W Gruzji Rosjanie pokazali Ukraińcom, że gwarancje ze strony państw zachodnich są pozbawione wartości. Ukraina posiada strategiczne położenie geopolityczne, a Unia Europejska, ani Waszyngton nie są zainteresowane zaangażowaniem – ocenia szef agencji Stratfor George Friedman.
„Uważam, że wojna rosyjsko-gruzińska w 2008 roku miała na celu wykazanie tak Gruzji, jak i Ukrainie, że zachodnie gwarancje bezpieczeństwa nie są nic warte, że USA nie może pomóc Tbilisi, a Rosja jest w stanie posłużyć się siłą militarną, tak jak to zrobiła wobec Gruzji” – ocenia szef prywatnej agencji wywiadu, zajmującej przygotowywaniem analiz i raportów z zakresu bezpieczeństwa międzynarodowego.
Wesprzyj nas już teraz!
Ukraina posiada podstawowe znaczenie dla obronności Moskwy – kontynuuje. To właśnie na terenie tego kraju znajdują się porty rosyjskiej floty, które gwarantują Moskwie kontrolę Morza Czarnego i obecność na Morzu Śródziemnym. Postrzeganie Ukrainy „w kategoriach militarnych może się wydawać obywatelom Zachodu czymś archaicznym, ale nie wydaje się takie ani Rosjanom, ani mieszkańcom Europy Środkowej i Wschodniej. Dla wielu z nich wycofanie się Sowietów jest stosunkowo świeżym wspomnieniem; wiedzą też, że Rosjanie potrafią równie nieoczekiwanie wrócić, jak odeszli” – podkreśla Friedman.

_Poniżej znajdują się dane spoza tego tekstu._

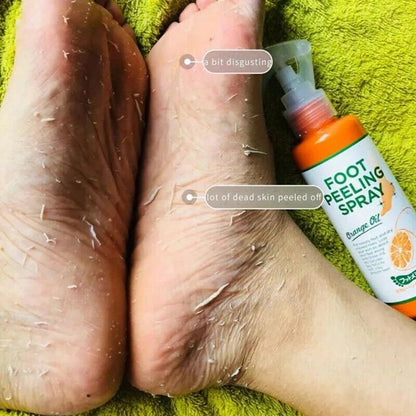 Foot Peeling Spray – Rough Skin Remover [110ml]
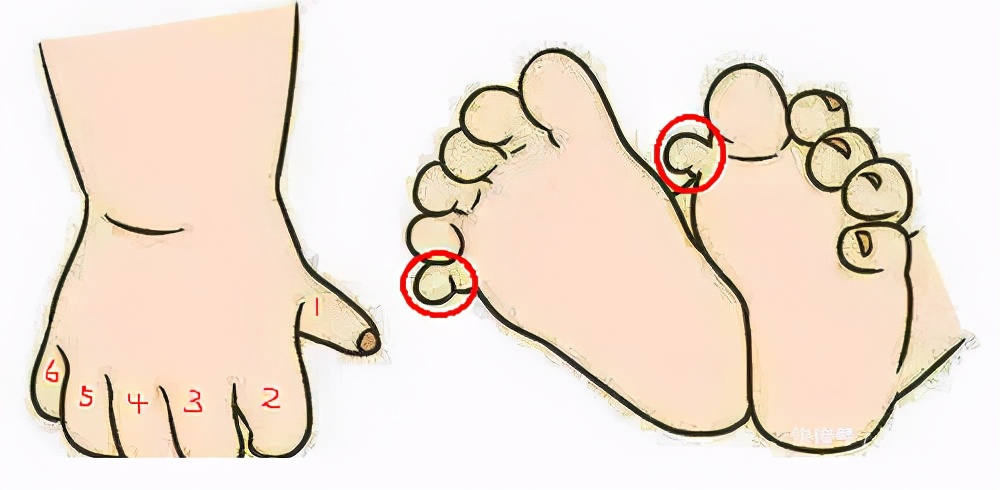 灏忓澶氭寚鐣稿舰鎬庝箞娌荤枟,鍎跨澶氭寚鐣稿舰鏈夊繀瑕佸垏闄ゅ悧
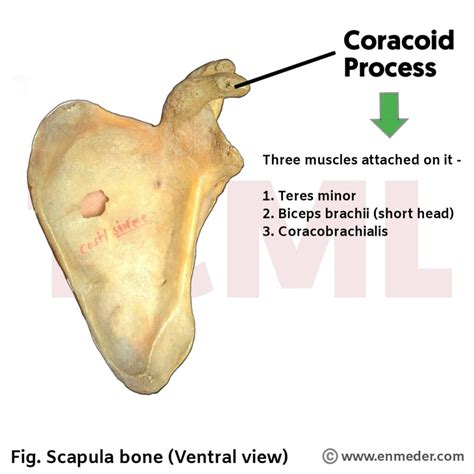 Coronoid Process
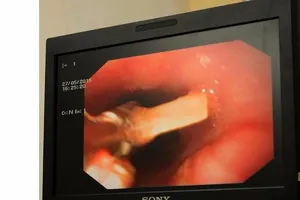 Xém chết vì hóc xương rồi ngồi đợi xương... tự tan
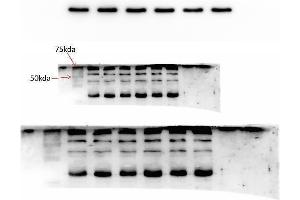 anti-G Protein-Coupled Receptor Kinase 5 (GRK5) (AA 393-429), (C-Term) antibody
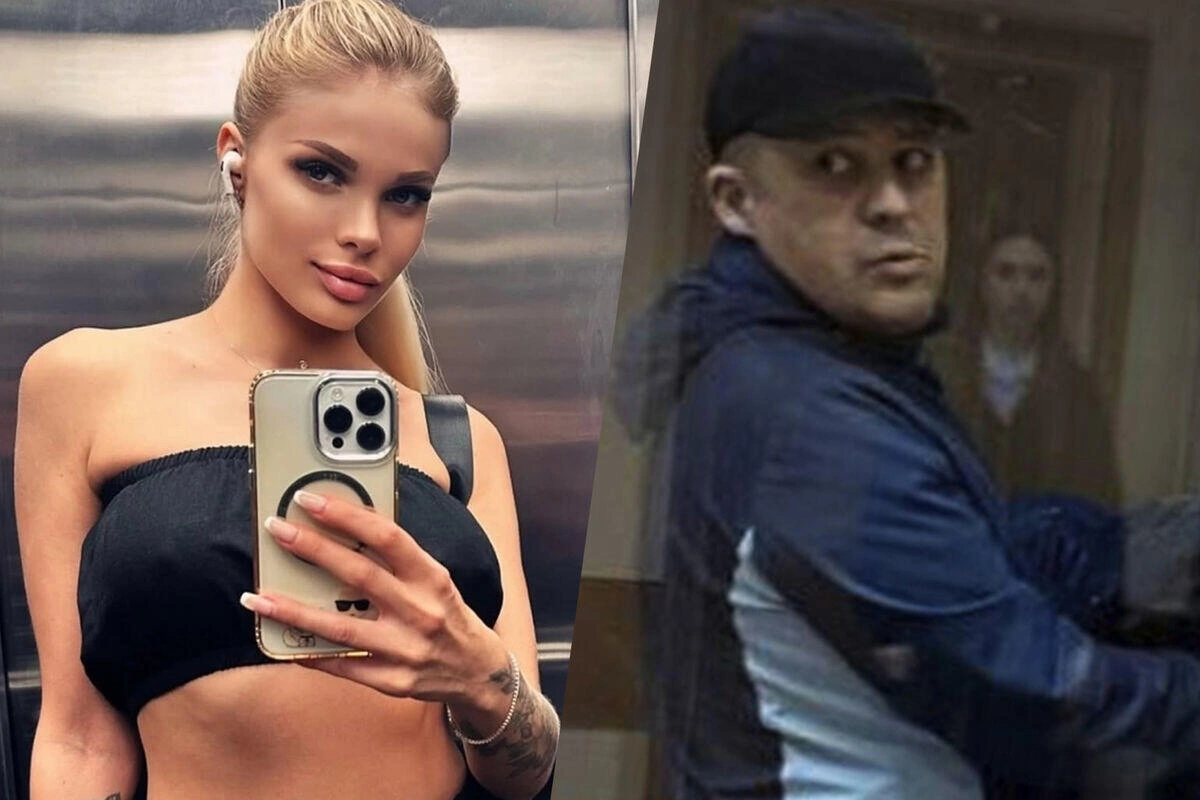Rus model sevgilisi tərəfindən vəhşicəsinə döyüldü – Kəllə sümüyünün yarısını itirib - (Fotolar)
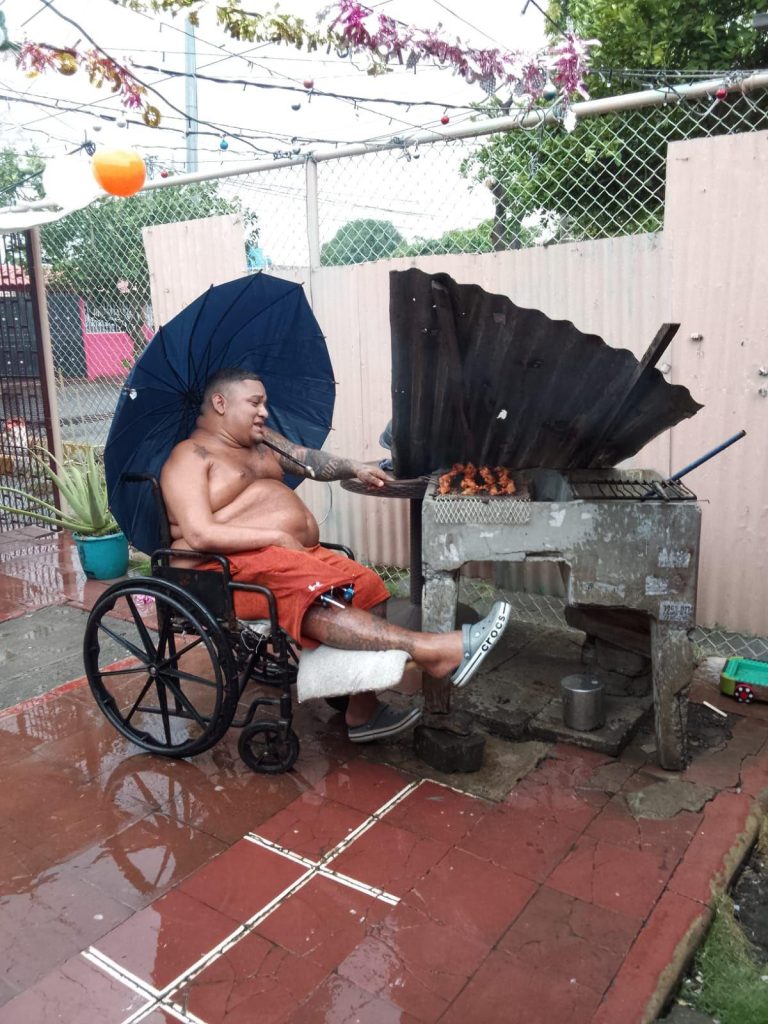 La recuperación de Garvin Pérez, habitante de Managua, es larga y dolorosa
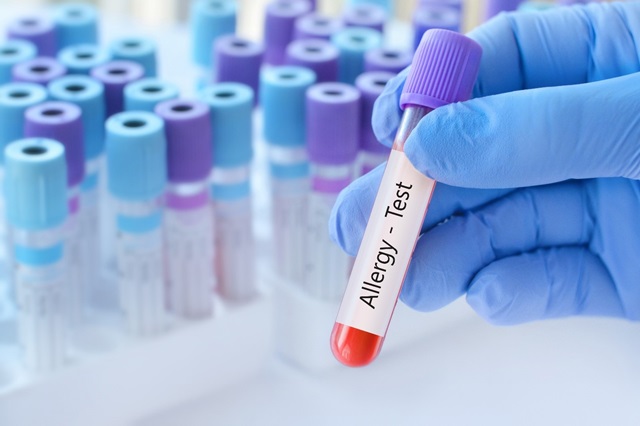 Trusted Allergy Testing in Allen TX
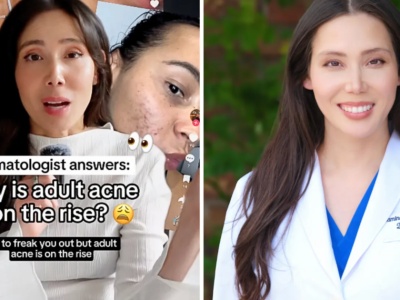 Coraz więcej dorosłych zmaga się z trądzikiem. Dermatolożka podpowiada, jak z nim walczyć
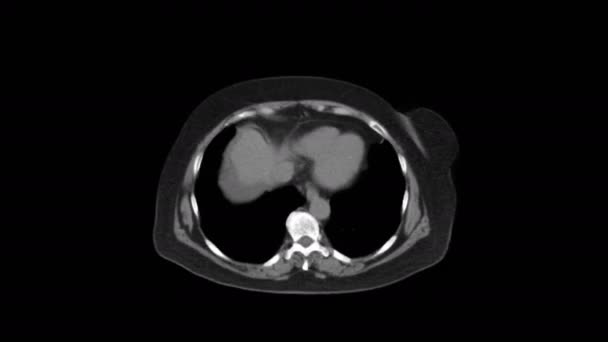 IRM purifiée de l'abdomen, du tractus gastro-intestinal, de la vessie — Video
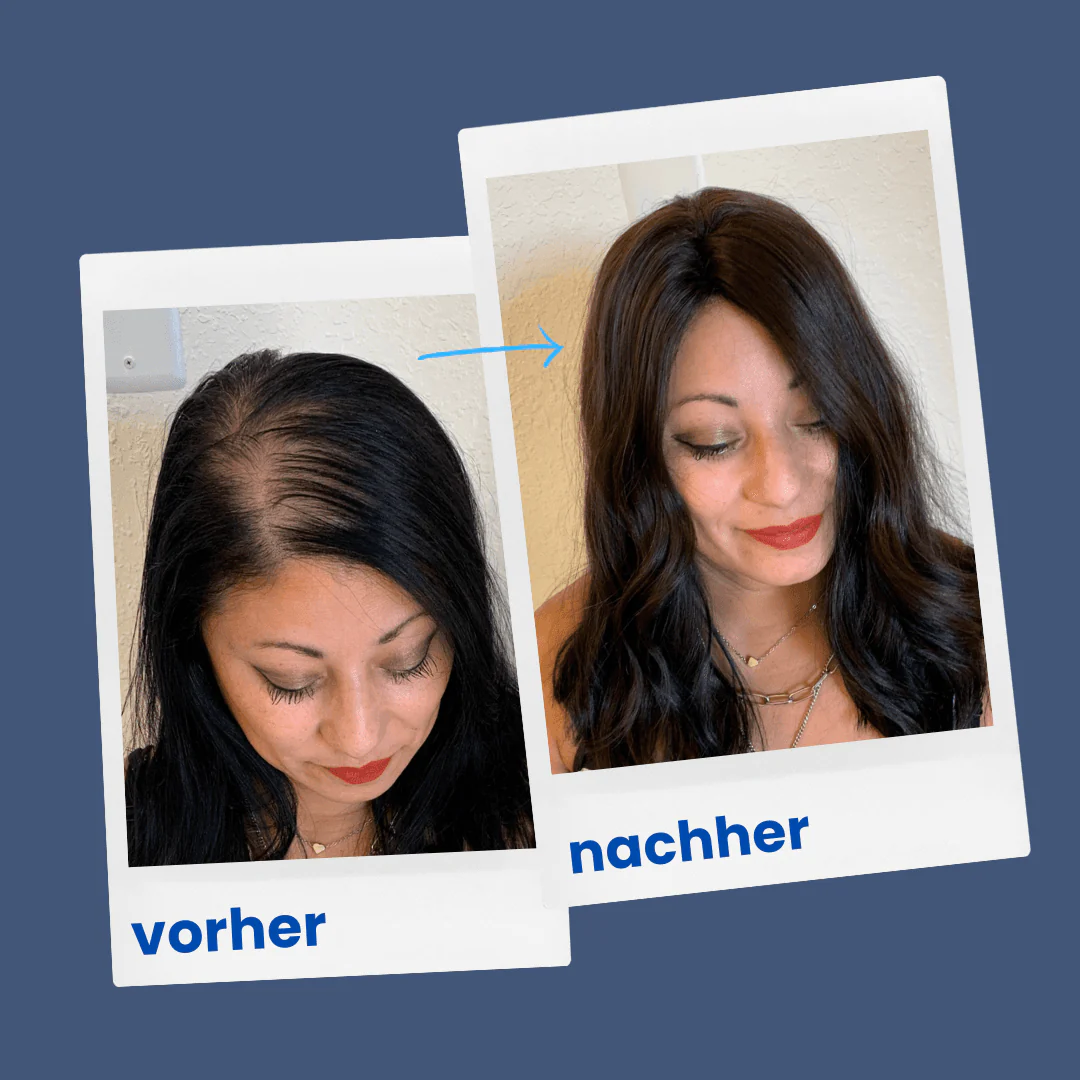 ShinyHair | Repair Kit - Image 5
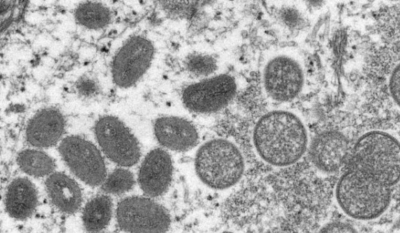 Ευλογιά των πιθήκων: Δεν υπάρχουν αποδείξεις για μετάλλαξη του ιού, λέει ο ΠΟΥ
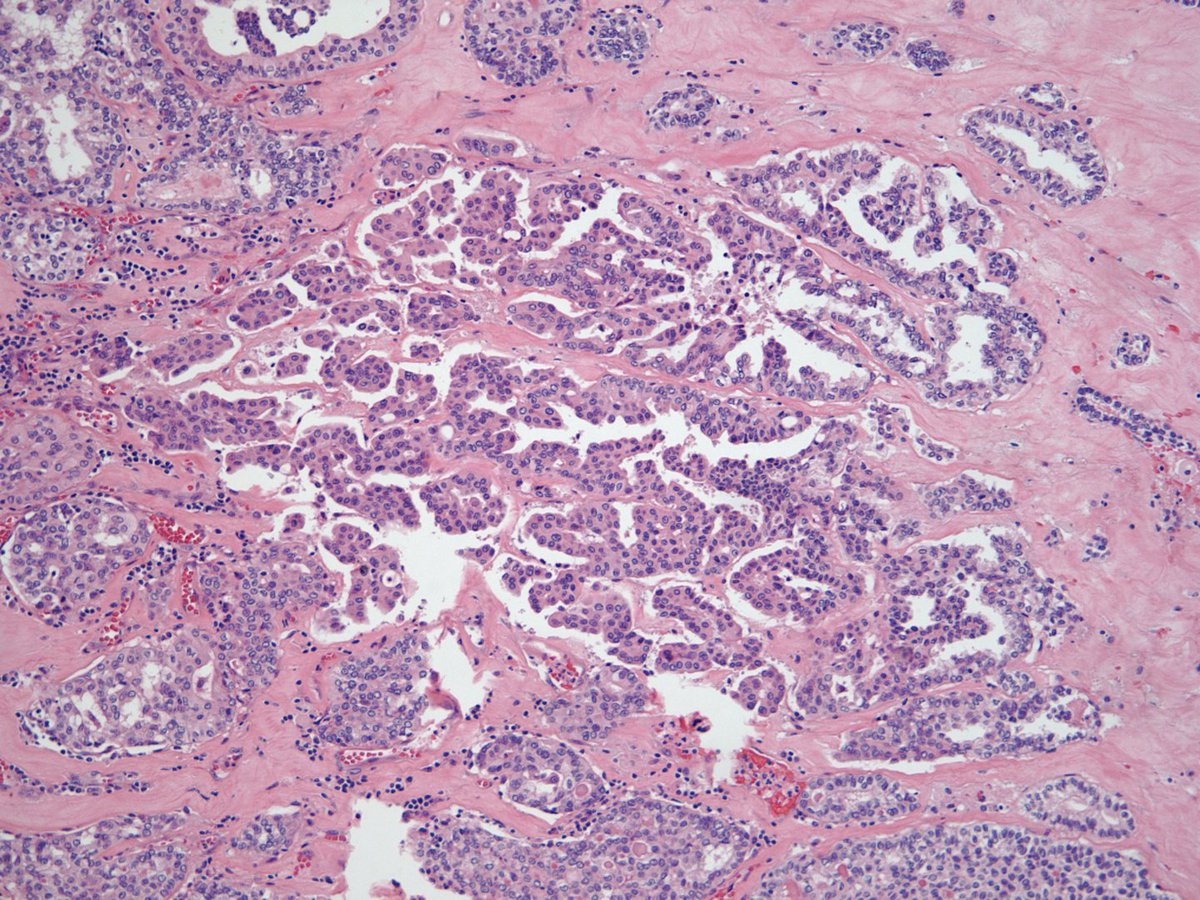 HubertLauMD's tweet photo. (3/3)🔬"Oncocytic" cells arranged mostly in a solid pattern with focal papillary architecture and classic nuclear features of PTC.

Dx: oncocytic variant of papillary thyroid carcinoma

-Uncommon variant associated with lymphocytic thyroiditis
-Similar prognosis to classical PTC https://t.co/iSxww1GJcd
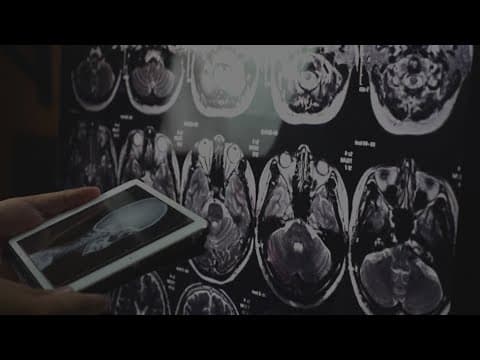 Houston researchers lead national study showing lifestyle changes may slow dementia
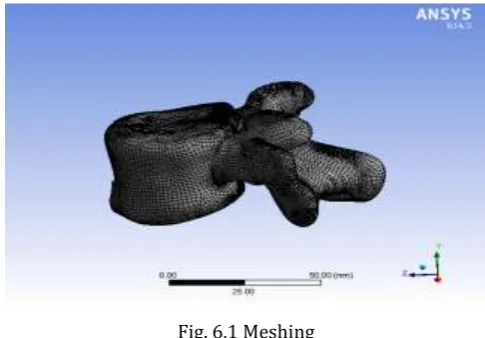 Fig. 5.4 Lumbar spine bottom view 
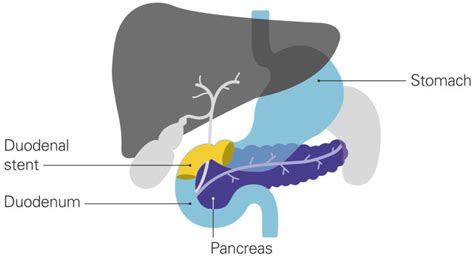 Magnetic resonance imaging (mri) scans produce detailed images of the organs and tissues in the body. Stent for a blocked duodenum - Pancreatic Cancer UK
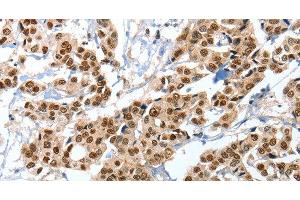 Immunohistochemistry of paraffin-embedded Human breast cancer tissue using ANXA10 Polyclonal Antibody at dilution 1:35 (Annexin a10 anticorps)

Dla Kremla integracja Kijowa z Unią to „potencjalnie śmiertelne zagrożenie dla bezpieczeństwa narodowego”. Po Pomarańczowej Rewolucji prezydent Władimir Putin otwarcie stwierdził, że zaangażowane w nią organizacje pozarządowe to przykrywka dla… amerykańskiego i brytyjskiego wywiadu.
Friedman tłumaczy także zdystansowaną postawę Unii Europejskiej. Jak zauważa, Bruksela „nie miała szczerego zamiaru wciągnięcia Ukrainy do swego klubu; chciała jedynie otworzyć drzwi, na wypadek, gdyby kiedyś miało to nastąpić. UE jest w kłopotach gospodarczych i dołączenie do niej słabej i zdezorganizowanej Ukrainy byłoby niedorzeczne”. Moskwa nie musi podejmować szczególnych wysiłków.
Choć Amerykanie dalej mają pamiętać o sprawie Snowdena, zgodnie z obowiązującą linią Waszyngtonu nie pozwolą sobie na zaangażowanie. Jak podkreśla George Friedman, „Stany Zjednoczone, choć generalnie zainteresowane Ukrainą, nie mają teraz ochoty na podejmowanie poważnego ryzyka”.